For examples of vulnerabilities across all platforms, see the CERT Web site http://www.cert.org. (The CERT Coordination Center is a reporting center for Internet security problems.)

Cyber-Terrorism

Slammer was a nondirected, noncoordinated virus that did nothing other than try to infect other machines. But what would happen if terrorists wrote computer viruses that attacked government, military, or commercial targets? The result would be cyber-terrorism, and the mere mention of this term makes many people scared. In recent years, as systems across the world have become more and more interconnected, the fear of cyber-terrorism and cyber-attacks has grown. Many people fear that cyber-terrorists anywhere in the world might hack into the computers at an electrical utility company and cause a nuclear reactor’s core to overheat, following which they might cause a dam to open its gates, flooding a city, and finish by causing two trains to collide head-on at high speed.

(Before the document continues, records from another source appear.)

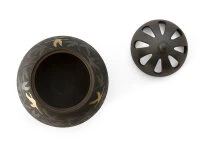 Räuchergefäß Kintsuru Mitsukoshi, Mit Geschenkbox 7 Räuchergefäß Kintsuru Mitsukoshi, Mit Geschenkbox – Bild 5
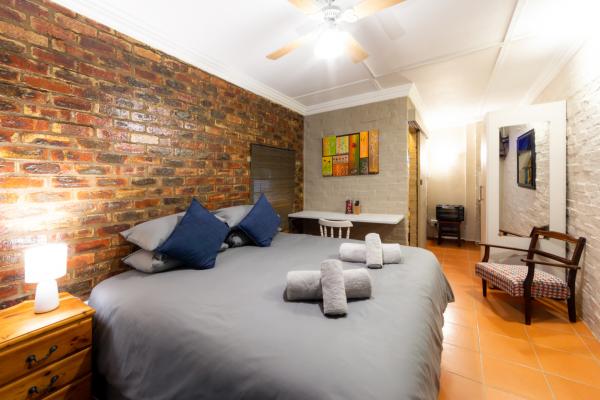Room image 1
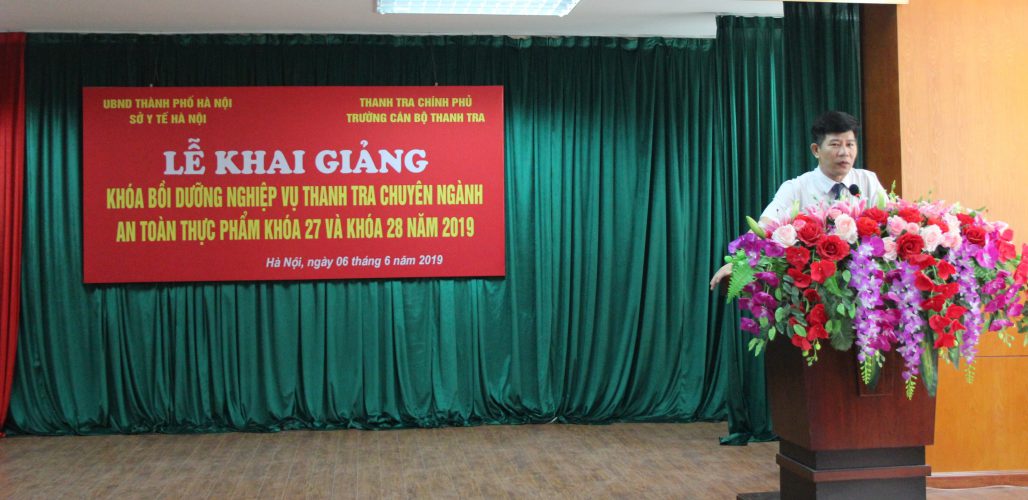 Ông Nguyễn Viết Thạch Phó Hiệu trưởng Trg CBTT phát biểu khai giảng khóa học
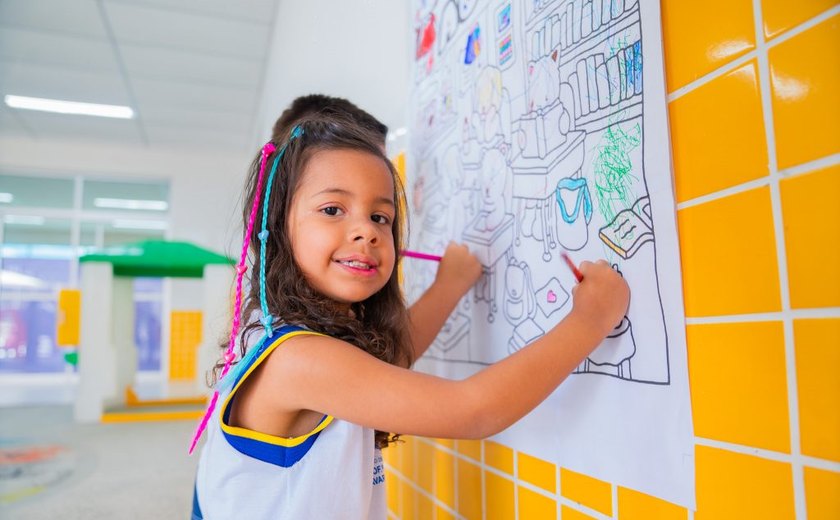 Arapiraca é destaque nacional em acesso à educação e lidera ranking em Alagoas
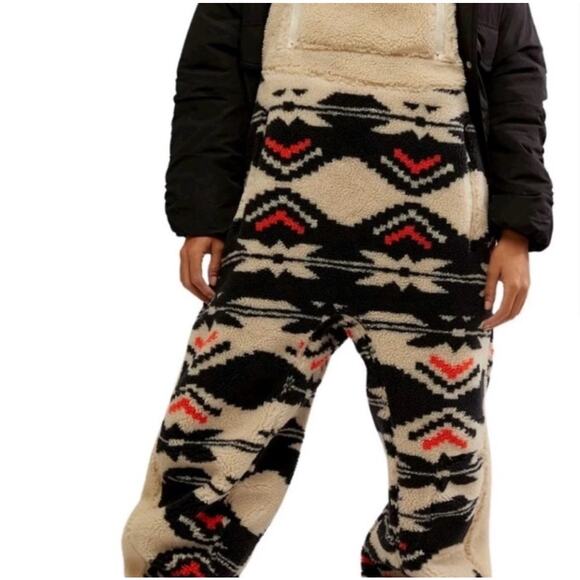 NWOT Free People Movement Hip The Slopes Salopette Fleece Jumpsuit Size Large - Picture 2 of 11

These kinds of doomsday scenarios fuel the imaginations of B-grade Hollywood scriptwriters and reporters from small-town TV news stations desperate for any story that can catapult them to the big time. The reality is that the controls for essential systems are usually not connected to the Internet. To drain the water from the core of a nuclear power plant, you need to be inside the plant’s control center. Similarly, the switch that causes the dam gates to open is not connected to the Internet—why would it be? (See Figure 16-1.) Likewise, train companies have set routes and safeguards to stop controllers from accidentally causing a head-on accident.

Figure 16-1: Press the button to flood the town below

What is more realistic is an attack on the Internet itself, with the sole purpose of bringing down the entire Internet. How realistic is this? It almost happened in 2002.

To understand what happened, you have to know that at the core of the Internet are 13 domain-name system root servers that translate URLs into the numeric IP addresses computers use to communicate with other computers. Although domain-name servers and gateways cache many of these translations, if all 13 of the domain-name system root servers are down long enough, Internet traffic will grind to a halt. On Monday, October 21, 2002, hackers mounted a distributed denial of service attack targeting the name servers. The attack was in the form of a data flood, which sent an enormous number of Internet control message protocol (ICMP) packets to the 13 root servers. This attack brought down 7 of the 13 servers for several hours. Although no one knows who mounted the attack, most authorities discount terrorists. What is clear, though, is that future attacks might succeed where this attack failed.